Despite several hours sleep, I felt as if I hadn’t slept at all. I reflected on the fact that grief wise, it had been a pretty steady week or so where it had definitely managed to catch me in moments – I was walking through a forest with my family at the weekend and suddenly felt grief try to shake me by the shoulders – but that I’d managed to keep myself together. Tears started but retreated. I immersed myself in the moment. I took a deep breath, or yes, drew on my capacity for humour. Not possible that morning though. I sat on the edge of the bed in a daze, picked up my phone, opened up Evernote and this came out:
I’m bench-pressing life.
The grief sits on my chest, heavy, lighting up the lines of pain that run through me,
Alerting me to the presence of loss.
Reminding me that I feel.
Reminding me that even as I go on living, there is grief waiting to be released.

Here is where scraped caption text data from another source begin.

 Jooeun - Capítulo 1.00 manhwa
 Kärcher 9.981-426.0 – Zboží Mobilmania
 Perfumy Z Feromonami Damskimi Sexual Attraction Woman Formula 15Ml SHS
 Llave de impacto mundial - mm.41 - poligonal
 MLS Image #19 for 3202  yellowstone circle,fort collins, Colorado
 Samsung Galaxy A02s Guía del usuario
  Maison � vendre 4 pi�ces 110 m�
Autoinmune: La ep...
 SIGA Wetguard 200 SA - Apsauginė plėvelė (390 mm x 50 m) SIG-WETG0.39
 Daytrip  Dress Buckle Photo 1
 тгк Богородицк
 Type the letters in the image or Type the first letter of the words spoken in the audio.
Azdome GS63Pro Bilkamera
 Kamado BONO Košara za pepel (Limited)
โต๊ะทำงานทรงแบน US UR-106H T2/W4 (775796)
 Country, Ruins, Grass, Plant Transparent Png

If I block the feelings, I can lift life a little but then the grief comes crashing down, harder, weightier, meaner than it felt before.

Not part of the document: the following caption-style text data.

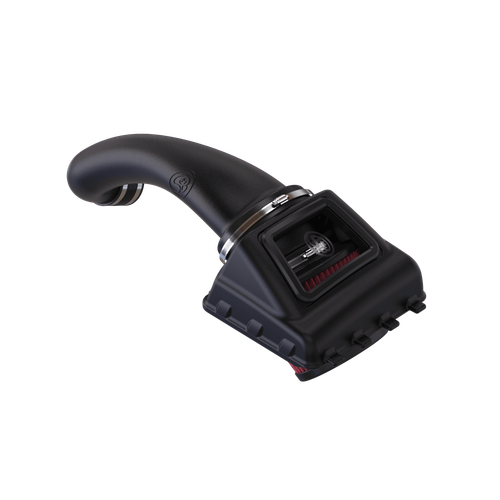 Cold Air Intake for 2011-2014 Ford F-150 5.0L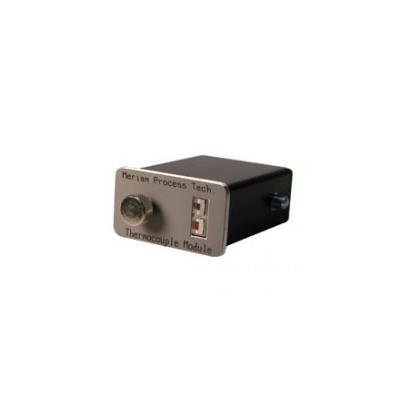 美国美亚meriam   热电偶测量和模拟模块TIO0110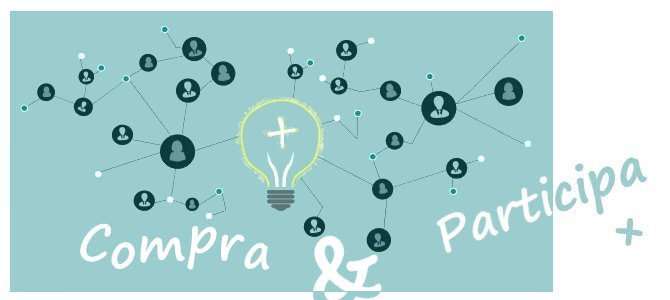 Apoiar campanha
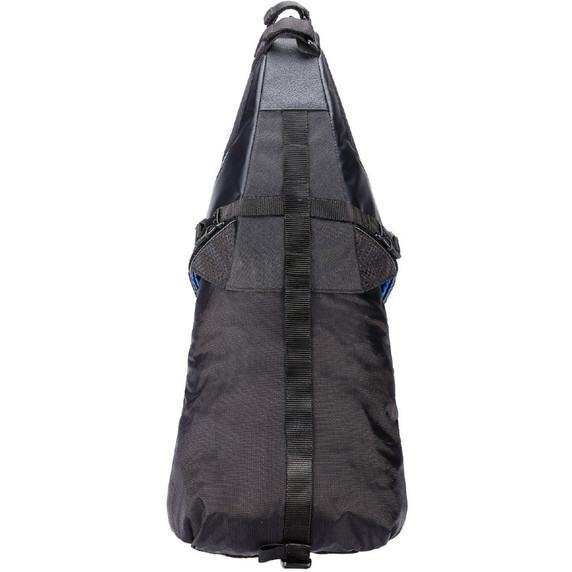 BBB BSB-143 SideKick 10L Seat Bag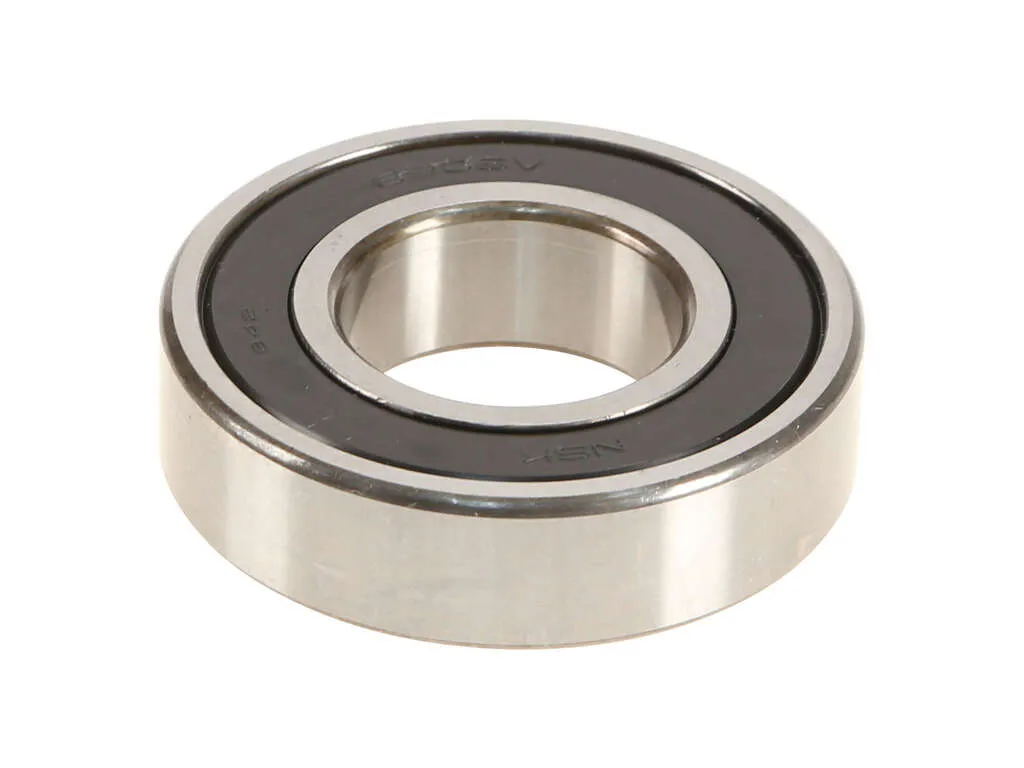 1981 Mazda RX-7 Wheel Bearing  - Rear NSK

Suddenly what seemed manageable seems insurmountable.
The grief pushes down on me.
It’s tempting to give in.
It’s too much.
But to do so will mean that I’ll go numb, that I’ll be unable to deal with life.
So I feel, and at first it feels like I’m collapsing, choking, like it will be too hard.
Like this loss is taking my organs in its fists and squeezing the life out of me.
But my other feelings are also there, reminding me of my ‘humanness’, of my ability to care deeply.
Reminding me that I love and that I loved. That I chanced, that I breathed in joy for as long as it would hang around for this relationship.
That I’ve struggled, that I’ve fallen, howled, raged against it,
That I’ve broken before.
And that I can and will heal, with room to remember this loss but not be owned by it.
I am still me.
I can fit around this loss. Or is it, that it will fit around me?
Grief is rounding out the sharp edges of losses gone by, lighting up the pathways of old memories, old hurts, old stories that I had forgotten along with their significance to my current self-concept.
Pointing out to me how I respond to that which comes upon me to challenge me, grow me, reveal to me where I am blind to my power.
I have lost, but I’m also gaining in ways that I might not be aware of for some time, but they’re there.
I have lost, but grief will restore me in unexpected ways.
For now, I just need to let grief do its work, even though it hurts,
Even though it wants to pull at me at inconvenient moments.
Even though it likes to tap me on the shoulder after I think I’ve figured it out, just to remind me to surrender to the uncertainty of it.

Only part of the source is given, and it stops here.